Fina PMA shall approve and shall conduct the creation of a new or amending the existing CPSWSA-eIDAS document in accordance with the Fina business requirements and legislation stipulations referred to in Section 9.14 hereof.

9.12.2 Notification mechanism and period

All amendments to this CPSWSA-eIDAS document convenient for publication are published in electronic form on the website of the repository referred to in Section 2.2 hereof.

New versions and sub-versions of the public CPSWSA-eIDAS document with the amended OID of the CPSWSA-eIDAS document shall be published in electronic form on the website of the repository referred to in Section 2.2 hereof.

The effective date of amendments or newly-published CPSWSA-eIDAS document shall be indicated on its cover page as well as on the website where it shall be published.

9.12.3 Circumstances under which OID must be changed

Major amendments to the CPSWSA-eIDAS document that may materially affect the participants shall require the change of CPSWSA-eIDAS document OID. Fina PMA shall determine the new OID for the new CPSWSA-eIDAS document version.



9.13 Dispute resolution provisions

In the event of a dispute or disagreement between Fina and other participants due to actions and/or procedures regarding certification service provision regulated herein, the participants shall try to reach an amicable solution. Otherwise, the matter shall be resolved by the competent court in Zagreb by applying Croatian law.

Participants may forward a complaint to Fina if they believe there exist a discrepancy in the content of services in relation to the published terms and conditions of service provision. Fina shall reply to the complaint. Complaints are filed on in a paper or electronic form using contact details as described under Section 9.11 hereof.

9.14 Governing law

Fina provides qualified trust services within the scope of this CPSWSA-eIDAS in accordance with the provisions of Regulation (EU) No. 910/2014 [1], Act Implementing Regulation (EU) no. 910/2014 [2], and standardisation documents ETSI EN 319 401 [6] and ETSI EN 319 411-1 [7] and CA/Browser Forum BRG [19].
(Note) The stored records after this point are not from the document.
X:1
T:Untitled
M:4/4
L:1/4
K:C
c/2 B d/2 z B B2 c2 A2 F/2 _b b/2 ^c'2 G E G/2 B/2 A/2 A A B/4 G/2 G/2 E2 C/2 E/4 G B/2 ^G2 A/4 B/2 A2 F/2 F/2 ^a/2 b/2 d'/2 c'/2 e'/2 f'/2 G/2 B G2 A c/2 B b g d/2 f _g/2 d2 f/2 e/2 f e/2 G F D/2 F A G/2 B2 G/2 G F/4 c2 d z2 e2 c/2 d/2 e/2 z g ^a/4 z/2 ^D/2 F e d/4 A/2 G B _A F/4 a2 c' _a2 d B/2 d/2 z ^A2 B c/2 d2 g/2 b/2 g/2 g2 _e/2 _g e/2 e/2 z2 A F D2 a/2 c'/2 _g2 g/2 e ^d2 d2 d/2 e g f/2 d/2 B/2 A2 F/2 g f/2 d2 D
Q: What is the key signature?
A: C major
9.15 Compliance with applicable law

This CPSwsa-eIDAS document and certification services provision covered therein are in compliance with the provision referred to in Section 9.14 hereof.

All participants mutually agree with the application of Croatian law for interpretation of the applied provisions.
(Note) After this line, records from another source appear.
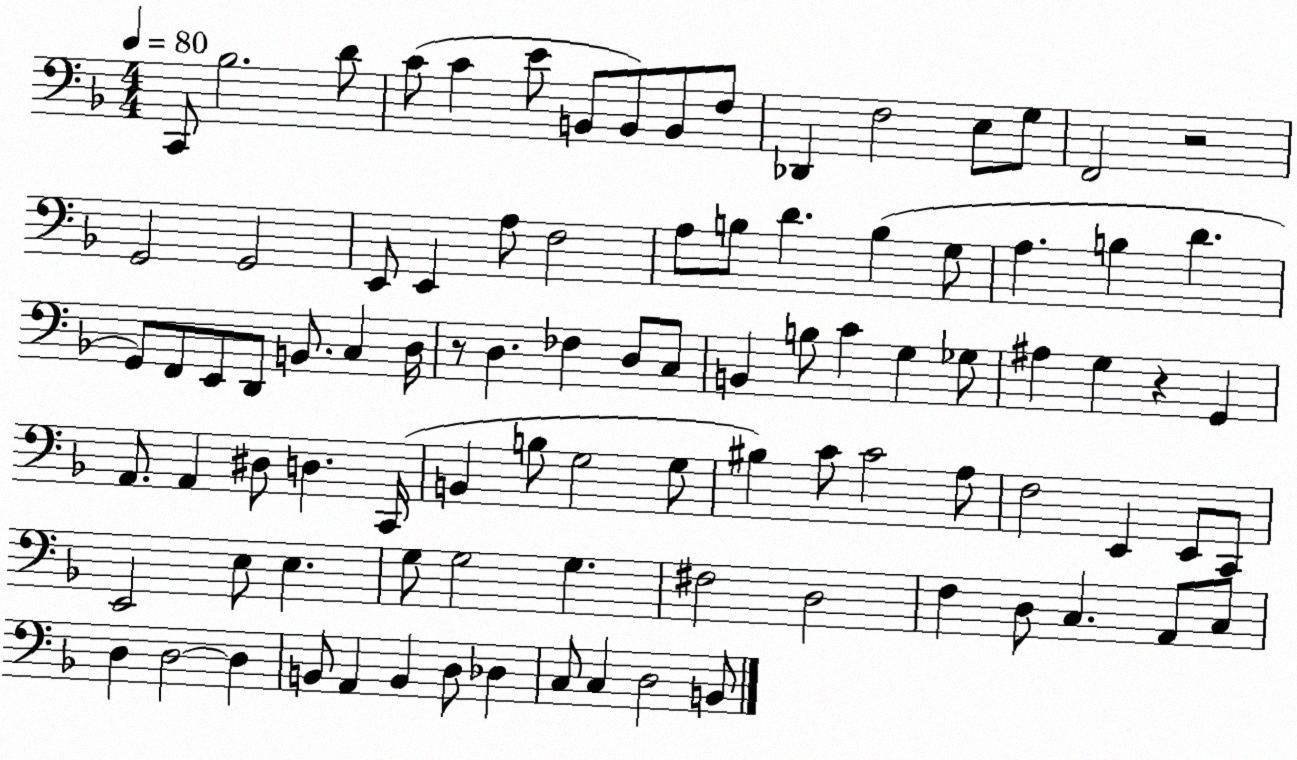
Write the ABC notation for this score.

X:1
T:Untitled
M:4/4
L:1/4
K:F
C,,/2 _B,2 D/2 C/2 C E/2 B,,/2 B,,/2 B,,/2 F,/2 _D,, F,2 E,/2 G,/2 F,,2 z2 G,,2 G,,2 E,,/2 E,, A,/2 F,2 A,/2 B,/2 D B, G,/2 A, B, D G,,/2 F,,/2 E,,/2 D,,/2 B,,/2 C, D,/4 z/2 D, _F, D,/2 C,/2 B,, B,/2 C G, _G,/2 ^A, G, z G,, A,,/2 A,, ^D,/2 D, C,,/4 B,, B,/2 G,2 G,/2 ^B, C/2 C2 A,/2 F,2 E,, E,,/2 C,,/2 E,,2 E,/2 E, G,/2 G,2 G, ^F,2 D,2 F, D,/2 C, A,,/2 C,/2 D, D,2 D, B,,/2 A,, B,, D,/2 _D, C,/2 C, D,2 B,,/2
9.16 Miscellaneous provisions

Fina publishes this CPSWSA-eIDAS document, Certificate Policy [22] and the terms and conditions of the certification services.

The terms and conditions of the certification services are communicated through a document in paper or electronic form the integrity of which is protected.

Before concluding a Subscriber Agreement, Subscribers are informed about the terms and conditions of the certification services. Acceptance of the terms and conditions of the certification services is a prerequisite for certificate issuance.

In procedures for certificate renewal, certificate issuance after expiry, revocation or modifications to data in the certificate, Fina notifies the Custodian or Legal Representative about the possible amendments to the terms and conditions of the certification services.